■ Available data:
──────────
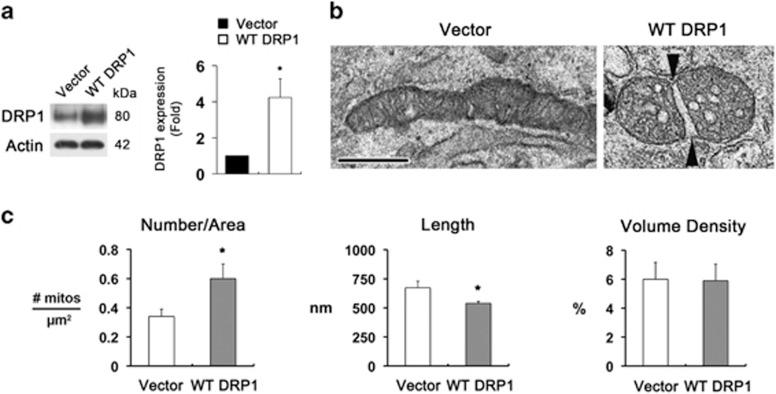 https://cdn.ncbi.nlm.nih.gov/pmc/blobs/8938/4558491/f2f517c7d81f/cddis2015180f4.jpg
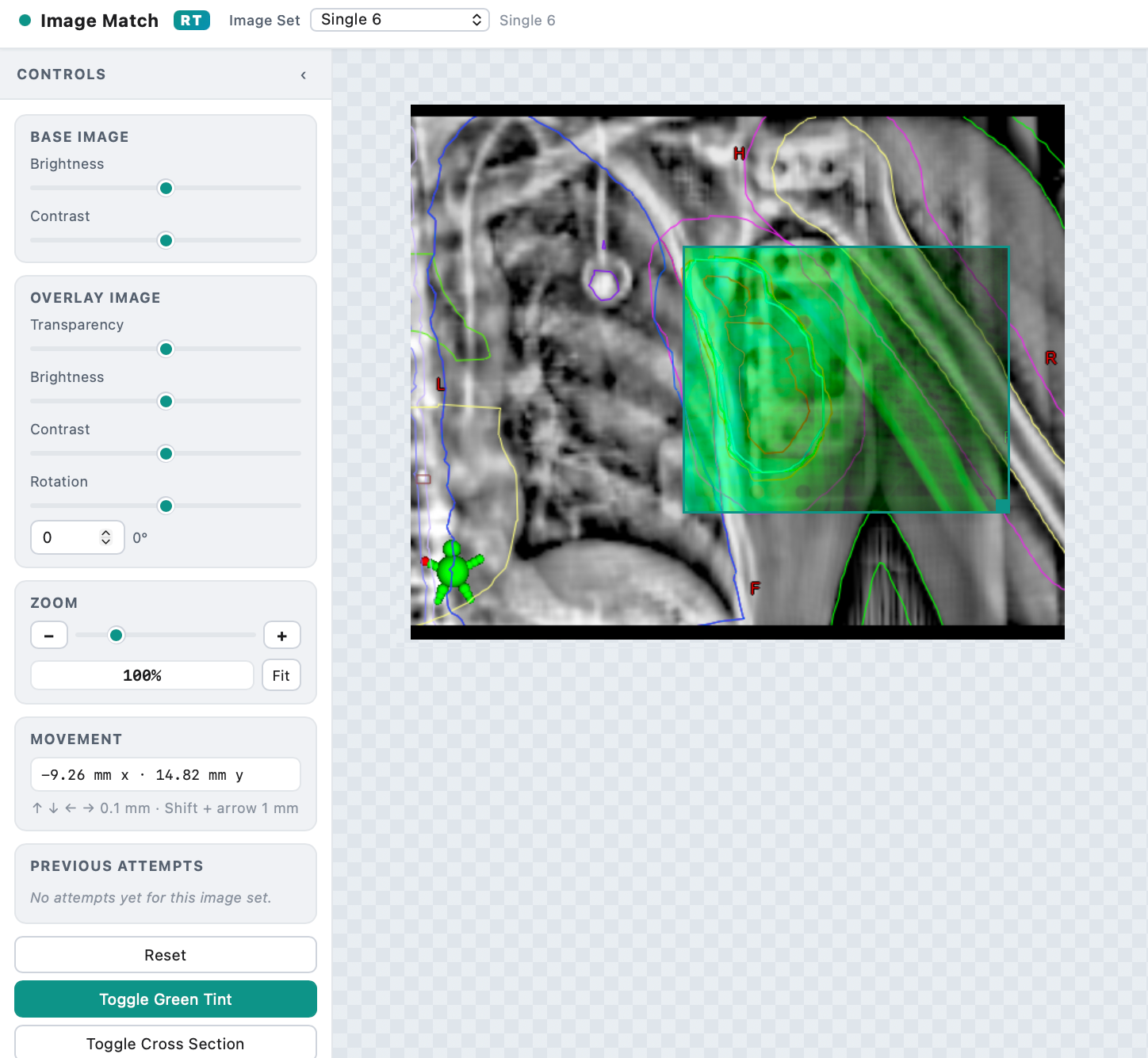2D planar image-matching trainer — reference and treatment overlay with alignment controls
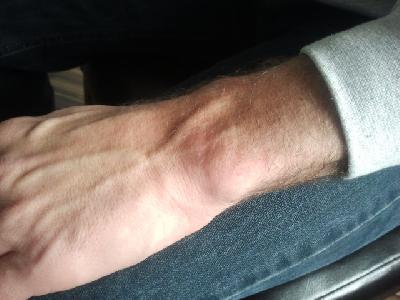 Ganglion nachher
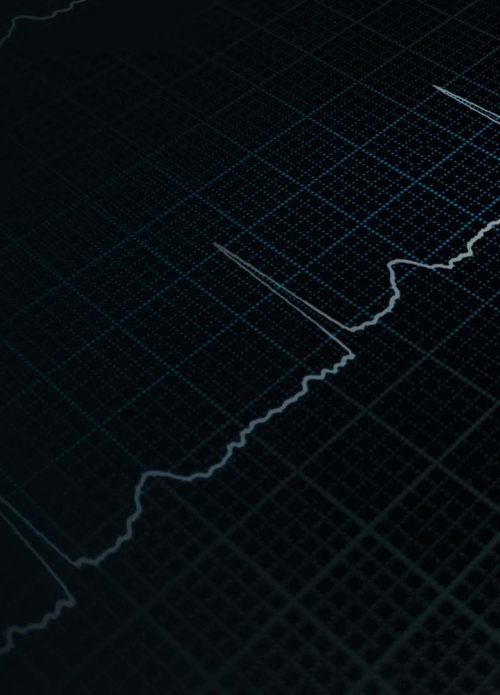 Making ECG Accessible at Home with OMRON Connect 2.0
──────────
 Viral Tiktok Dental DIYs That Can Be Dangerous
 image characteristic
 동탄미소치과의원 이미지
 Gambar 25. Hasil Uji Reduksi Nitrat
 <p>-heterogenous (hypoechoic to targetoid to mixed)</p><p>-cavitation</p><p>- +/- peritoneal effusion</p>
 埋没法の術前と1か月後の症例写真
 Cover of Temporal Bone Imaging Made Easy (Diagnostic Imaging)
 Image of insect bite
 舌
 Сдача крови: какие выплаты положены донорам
──────────
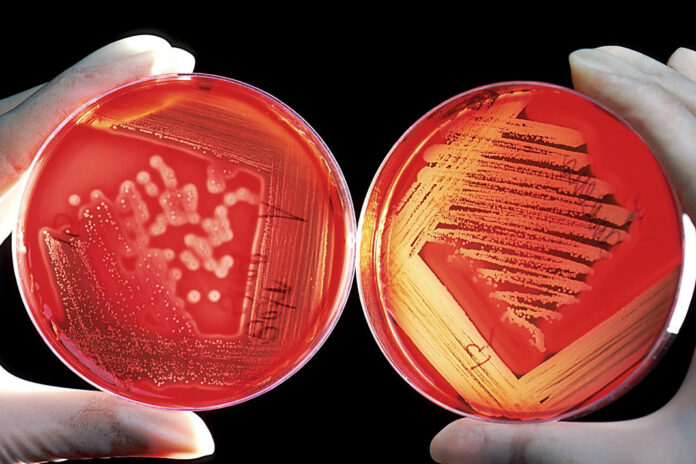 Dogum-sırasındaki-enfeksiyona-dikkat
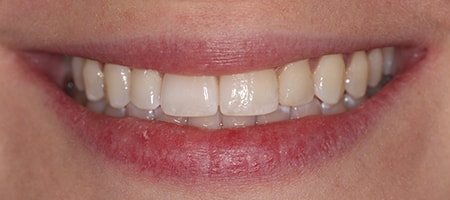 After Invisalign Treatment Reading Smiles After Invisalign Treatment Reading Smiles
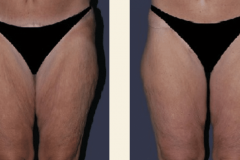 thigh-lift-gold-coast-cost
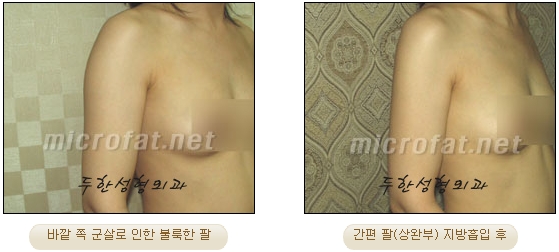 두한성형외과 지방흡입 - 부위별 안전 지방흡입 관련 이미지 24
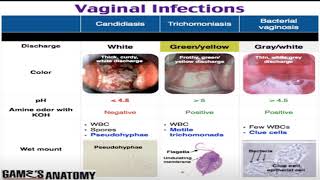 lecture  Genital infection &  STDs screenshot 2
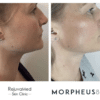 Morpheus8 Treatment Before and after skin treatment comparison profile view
──────────
■ Work required: Everything above from the line containing "Cover of Temporal" down to the line containing "Сдача крови: какие выплаты положены донорам" is to be transcribed exactly, with both of those lines included and nothing else added.

■ Response for this exercise:
 Cover of Temporal Bone Imaging Made Easy (Diagnostic Imaging)
 Image of insect bite
 舌
 Сдача крови: какие выплаты положены донорам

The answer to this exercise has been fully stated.